* **Exercise instructions**:
Return the data below exactly as given, except for the images.

* **Provided entries**:
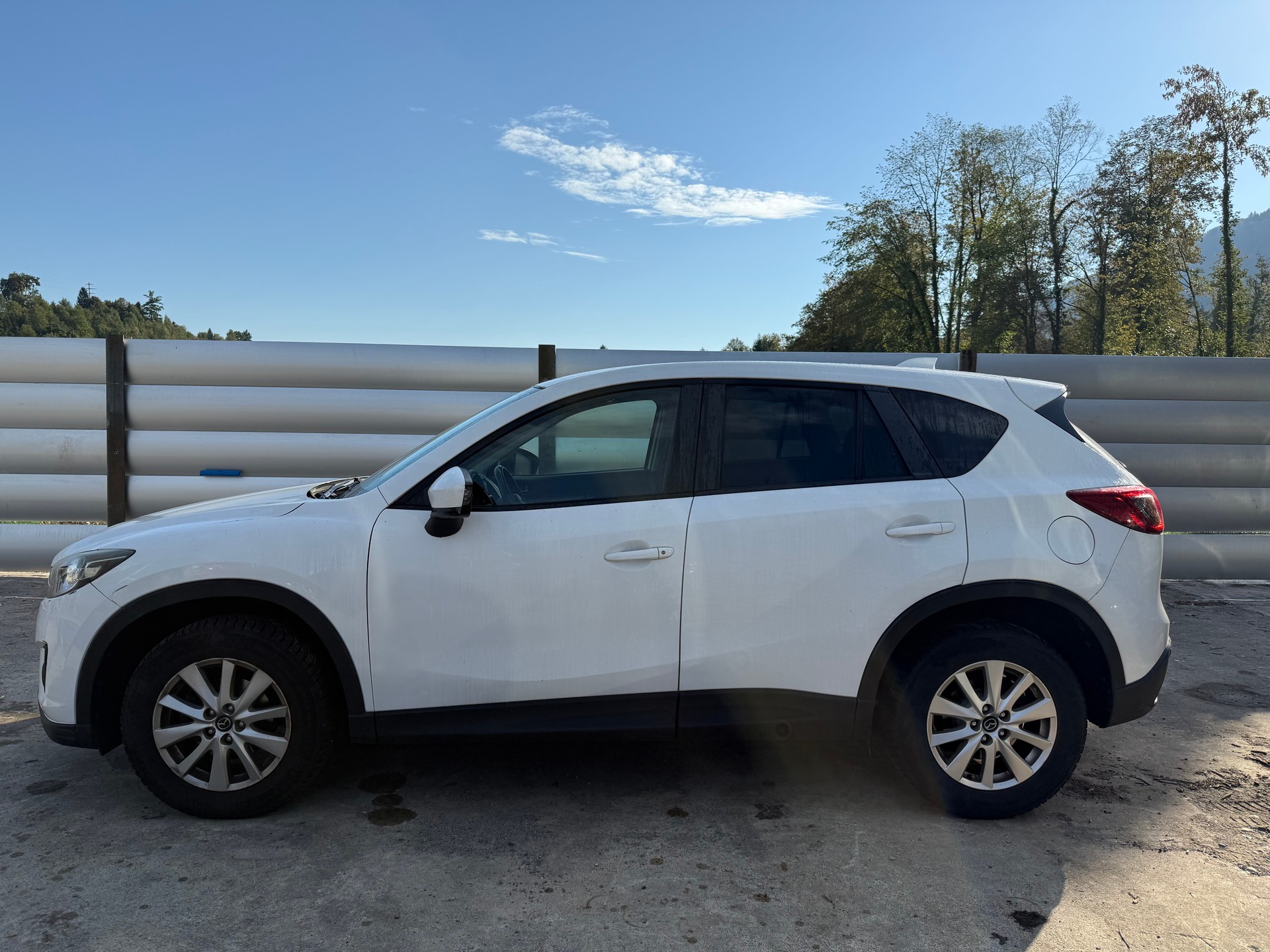 MAZDA CX-5 2.2 D Ambition FWD-image-2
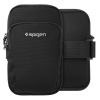 Spigen A702 dynamic shield armband čierny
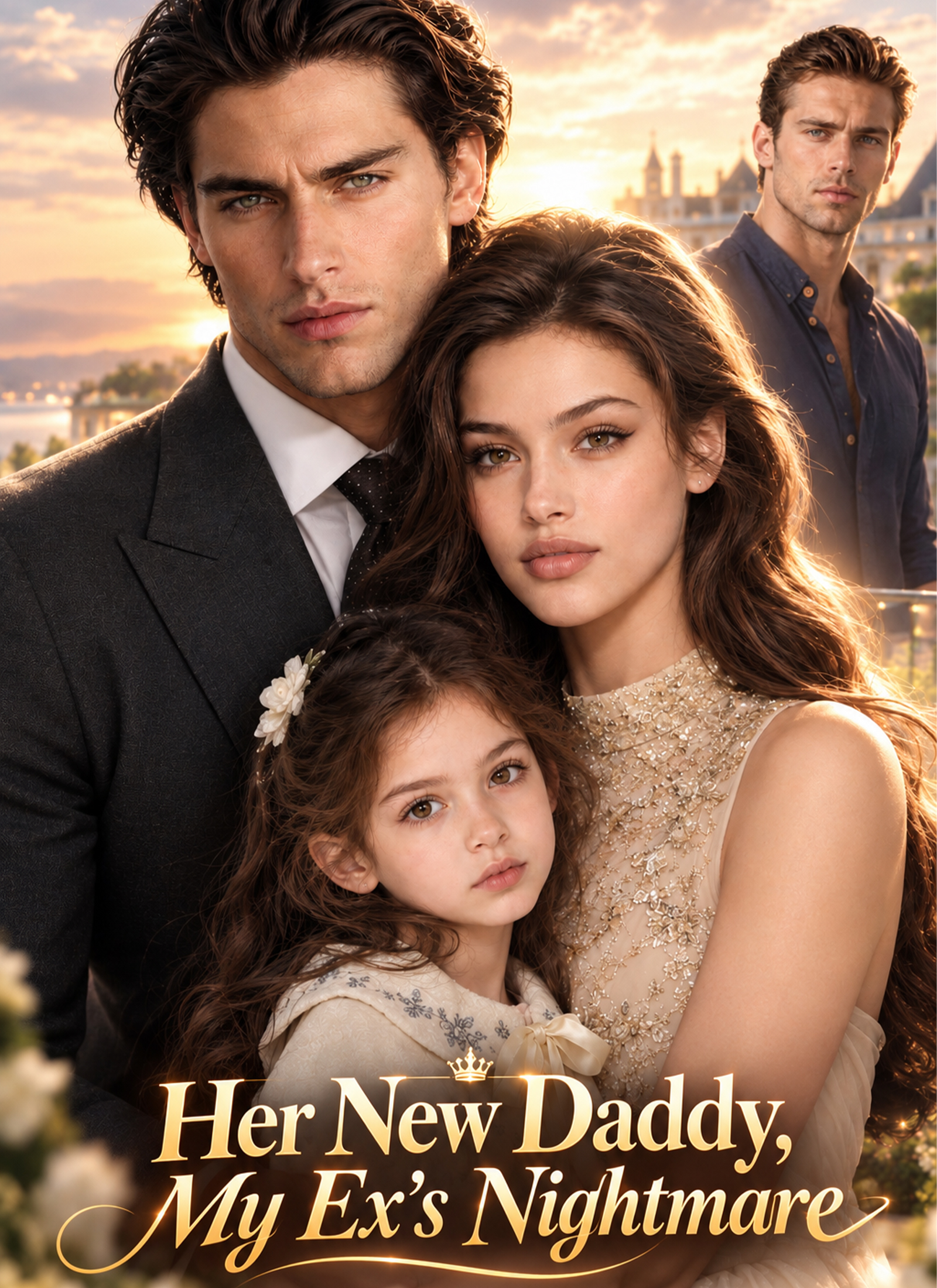 Her New Daddy, My Ex’s Nightmare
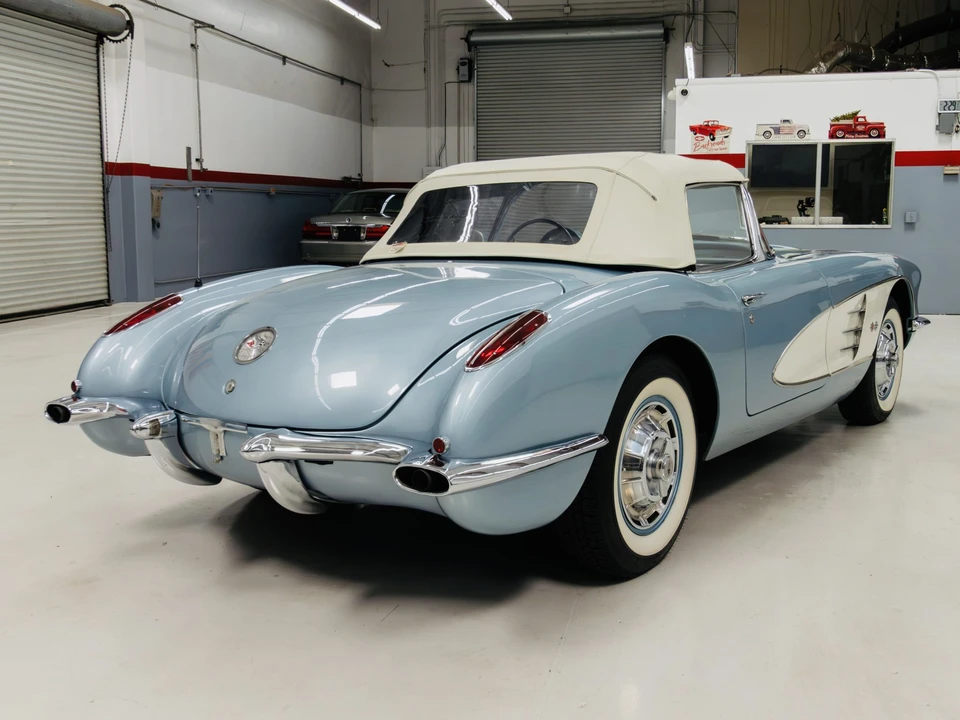 1959 Chevrolet Corvette C1 - Image 17 of 31
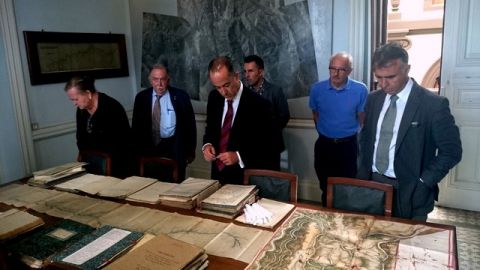 La Heredad de Aguas de Arucas y Firgas declarada como Bien de Inter&eacute;s Cultural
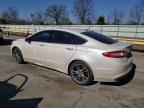 2013 Ford Fusion Titanium en Venta en Rogersville, MO - Front End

* **Your solution**:
 MAZDA CX-5 2.2 D Ambition FWD-image-2
 Spigen A702 dynamic shield armband čierny
 Her New Daddy, My Ex’s Nightmare
 1959 Chevrolet Corvette C1 - Image 17 of 31
 La Heredad de Aguas de Arucas y Firgas declarada como Bien de Inter&eacute;s Cultural
 2013 Ford Fusion Titanium en Venta en Rogersville, MO - Front End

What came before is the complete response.